Jasz
VIP Contributor
If you’re a business owner, then you probably know that an important part of your job consists of ensuring the financial health of your company. This includes ensuring the security of investments and savings.
As the saying goes, "putting all your eggs in one basket" is never a smart idea. But it's still common for investors to keep all of their assets in one place. This can be fine if you're investing in stable economies like the United States, but if you're investing in countries with a less predictable economy—or even if you're investing from within those countries—it may not be enough. During times of economic crisis, this can be extremely difficult to do—especially if all of your investments are located in one region or country. That’s why it’s so important to diversify your savings geographically: when some countries are going through a financial crisis, others may be experiencing a time of prosperity.

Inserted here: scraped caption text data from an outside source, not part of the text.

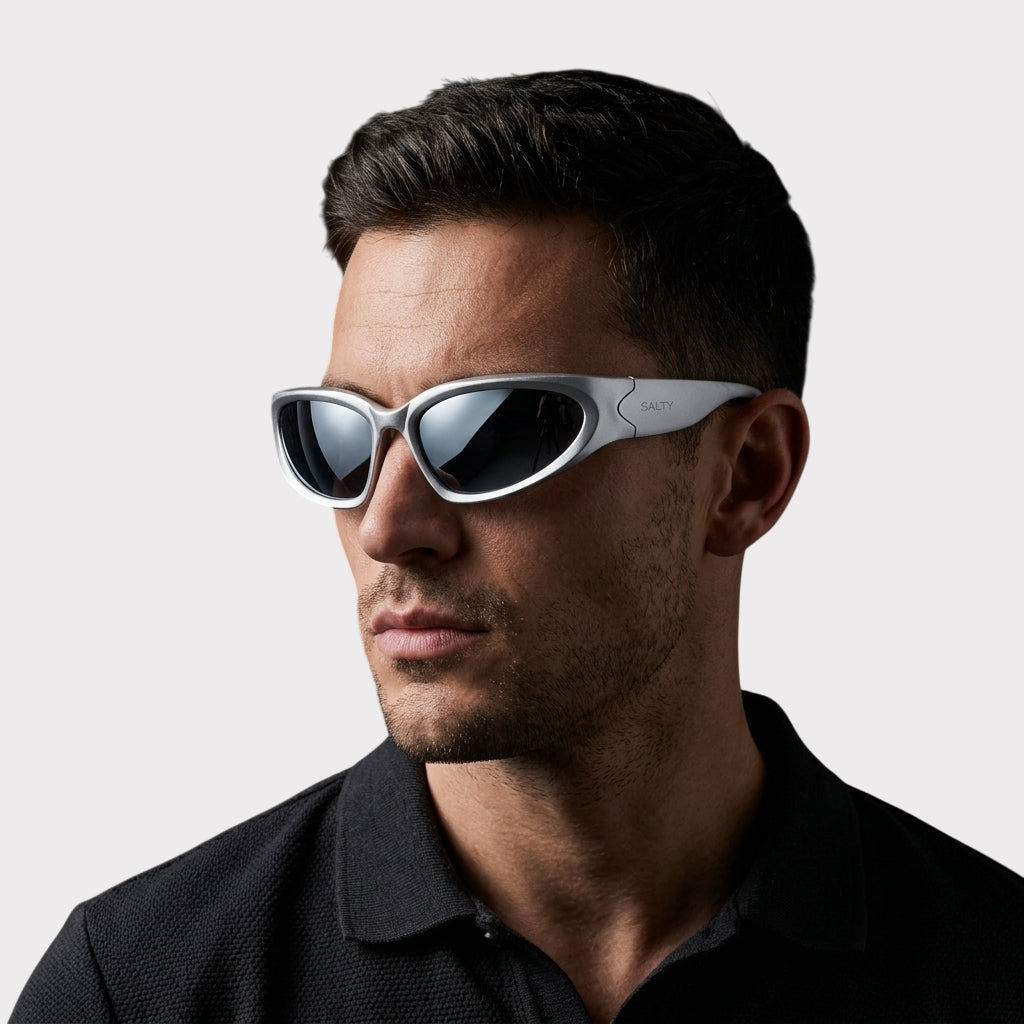 Futuristic Series Y2K Wraparound Sunglasses - Silver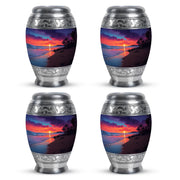 Pastel Blue Beach Cremation Urn urn with complimentary velvet bag - regal beach design with crown-inspired accents - 10 inch aluminum urn for cremated remains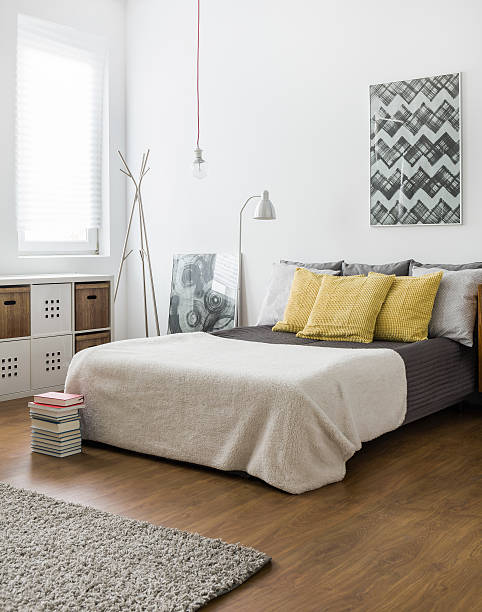 istock Marital bed in snug bedroom 509096108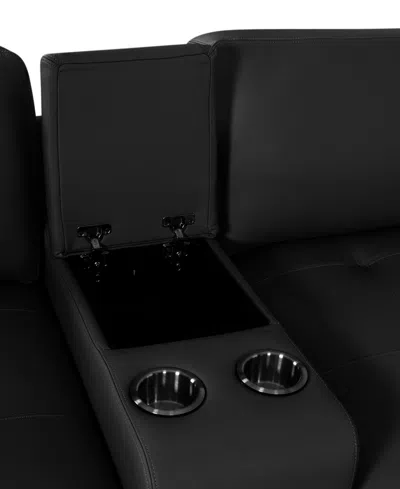 Macy's Versa 3-piece Leather Console Sofa In Black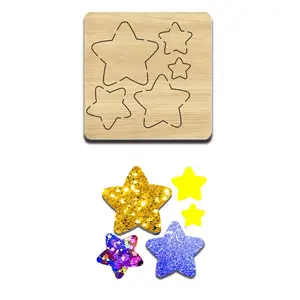 Wooden Star Shaped Cutter, 1 Count Reusable Star Shaped Cutter, DIY Scrapbooking & Stamping Tool for Most Machines
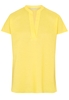 ETERNA KURZARM BLUSE MODERN CLASSIC LEINEN-MISCHUNG GELB UNIFARBEN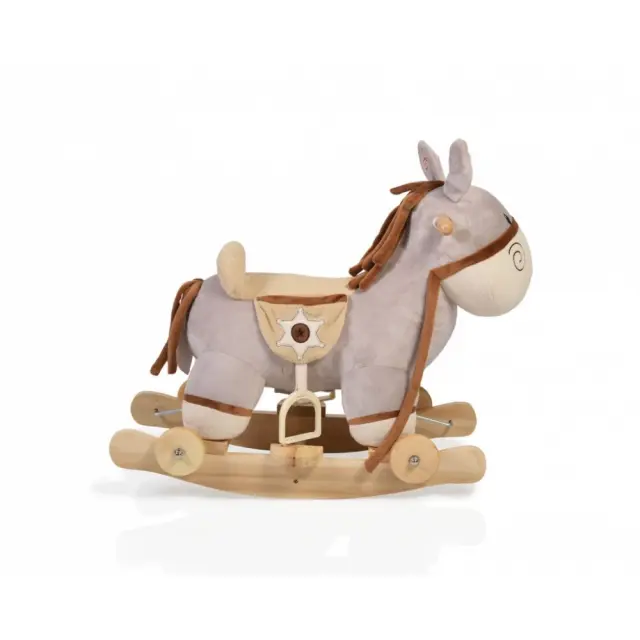 Moni Toys Λούτρινο κουνιστό γαϊδουράκι με Ήχους και Ξύλινη Βάση με Τροχούς Dulcinea WJ-302 2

By spreading out your investments, you can ensure that you can continue to make money even during years where other countries are experiencing a slump in their economy.
As the saying goes, "putting all your eggs in one basket" is never a smart idea. But it's still common for investors to keep all of their assets in one place. This can be fine if you're investing in stable economies like the United States, but if you're investing in countries with a less predictable economy—or even if you're investing from within those countries—it may not be enough. During times of economic crisis, this can be extremely difficult to do—especially if all of your investments are located in one region or country. That’s why it’s so important to diversify your savings geographically: when some countries are going through a financial crisis, others may be experiencing a time of prosperity.
By spreading out your investments, you can ensure that you can continue to make money even during years where other countries are experiencing a slump in their economy.